Two outstanding young couples who also exemplified the virtue of service then and now, were Jim and Judy Jenks Moore and Bryce and Judy Harbaugh. There is no doubt any one of those four people could have chosen success in far more remunerative careers, yet they placed the rewards of service ahead of financial gain. The Anderson family of Maumee also donated huge amounts of time and material to rebuild that aging camp. As kids, they worked on the spring clean-up crews, sharing heavy and dirty labor with the volunteers. Ever dig out a full outhouse pit, right alongside a shovel-wielding corporate exec? Such events are good lifetime training for future YMCA leaders in humility and service.
All these people were contributors to a better world through a belief in the positive achievements of mankind, person by person.
None of them was in this "business" in order to draw a salary of over a half-million dollars a year, including associated family salaries. The rise of the "MBA class" in nonprofit organizations is destroying their credibility. Such personal aggrandizement as can be seen - with few exceptions in such organizations - simply reinforces the concept that one's money is better spent on front line, direct action organizations. There is no need for highly paid middlemen feasting on the cash flow of memberships, donors, and public money. This present YWCA situation is nothing more than an administrative state of monetary vampirism.

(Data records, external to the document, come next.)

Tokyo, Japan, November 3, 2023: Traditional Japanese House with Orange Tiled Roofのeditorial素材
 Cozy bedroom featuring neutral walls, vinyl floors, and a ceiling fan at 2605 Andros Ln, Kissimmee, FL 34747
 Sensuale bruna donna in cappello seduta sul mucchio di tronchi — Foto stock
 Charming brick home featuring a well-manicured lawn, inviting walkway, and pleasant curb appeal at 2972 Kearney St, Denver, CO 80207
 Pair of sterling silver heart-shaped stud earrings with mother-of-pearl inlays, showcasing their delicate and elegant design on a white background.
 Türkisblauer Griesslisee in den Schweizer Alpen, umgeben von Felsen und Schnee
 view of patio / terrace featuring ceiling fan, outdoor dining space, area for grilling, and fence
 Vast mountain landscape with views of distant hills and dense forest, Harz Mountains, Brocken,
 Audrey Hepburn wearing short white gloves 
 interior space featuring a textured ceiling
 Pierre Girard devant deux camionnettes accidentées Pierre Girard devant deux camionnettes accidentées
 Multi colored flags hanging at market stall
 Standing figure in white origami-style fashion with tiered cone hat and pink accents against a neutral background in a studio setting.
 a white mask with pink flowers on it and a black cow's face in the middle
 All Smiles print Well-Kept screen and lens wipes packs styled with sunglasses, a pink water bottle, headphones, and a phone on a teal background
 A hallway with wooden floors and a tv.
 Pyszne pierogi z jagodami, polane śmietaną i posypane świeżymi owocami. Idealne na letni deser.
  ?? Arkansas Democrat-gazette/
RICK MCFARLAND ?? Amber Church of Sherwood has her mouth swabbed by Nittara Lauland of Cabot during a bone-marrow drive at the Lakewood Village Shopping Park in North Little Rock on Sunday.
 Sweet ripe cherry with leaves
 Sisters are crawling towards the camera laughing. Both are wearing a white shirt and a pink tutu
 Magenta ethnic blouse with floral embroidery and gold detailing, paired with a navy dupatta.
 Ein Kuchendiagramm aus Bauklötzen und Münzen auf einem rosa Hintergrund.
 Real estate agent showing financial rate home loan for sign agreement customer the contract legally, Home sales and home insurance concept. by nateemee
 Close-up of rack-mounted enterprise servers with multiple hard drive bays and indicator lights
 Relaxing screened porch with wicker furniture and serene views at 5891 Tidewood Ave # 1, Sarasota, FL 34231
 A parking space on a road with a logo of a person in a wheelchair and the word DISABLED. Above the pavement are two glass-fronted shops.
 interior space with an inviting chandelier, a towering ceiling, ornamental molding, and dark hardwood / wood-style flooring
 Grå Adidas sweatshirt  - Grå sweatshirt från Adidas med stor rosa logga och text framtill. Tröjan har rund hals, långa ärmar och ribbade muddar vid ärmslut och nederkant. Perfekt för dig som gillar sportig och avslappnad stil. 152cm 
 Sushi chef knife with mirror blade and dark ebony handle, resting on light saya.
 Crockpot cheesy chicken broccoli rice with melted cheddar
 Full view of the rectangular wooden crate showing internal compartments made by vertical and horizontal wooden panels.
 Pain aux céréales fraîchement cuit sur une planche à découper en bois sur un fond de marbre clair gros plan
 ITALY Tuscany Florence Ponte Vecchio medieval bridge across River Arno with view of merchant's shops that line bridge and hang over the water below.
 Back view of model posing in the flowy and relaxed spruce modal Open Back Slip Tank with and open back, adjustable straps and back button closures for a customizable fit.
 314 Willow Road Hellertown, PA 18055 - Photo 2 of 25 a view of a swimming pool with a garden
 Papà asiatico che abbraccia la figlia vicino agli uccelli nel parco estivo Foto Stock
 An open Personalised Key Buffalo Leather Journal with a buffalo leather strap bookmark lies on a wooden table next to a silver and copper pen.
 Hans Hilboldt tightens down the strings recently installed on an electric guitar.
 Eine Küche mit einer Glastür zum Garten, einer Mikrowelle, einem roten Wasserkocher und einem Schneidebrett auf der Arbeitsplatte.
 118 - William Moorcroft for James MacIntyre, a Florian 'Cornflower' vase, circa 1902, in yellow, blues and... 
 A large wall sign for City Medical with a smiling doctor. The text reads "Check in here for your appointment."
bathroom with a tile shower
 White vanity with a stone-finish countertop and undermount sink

Where is the service? Where is the sacrifice of personal gain ensuring that cash flow from the membership goes to the front lines? The United States has allowed a culture of "middle men in suits and offices" to take over a great many of these nonprofits, to the detriment of original philosophies, reputations, and those they were to serve. Personal wealth and arrogant, entitled administrators are both aberrant and abhorrent.
The current YMCA fiasco in South Toledo is a case-book display of the perversion of it' original mission to the common man. Personal wealth built upon the charitable money of those whom the administrators ostensibly serve is not only distasteful: It is an ethical perversion.
It's time to set an example, here in Toledo. Sweep out the hubris of the present administrators and replace them with the tradition of service and caring, befitting the title of Christian association.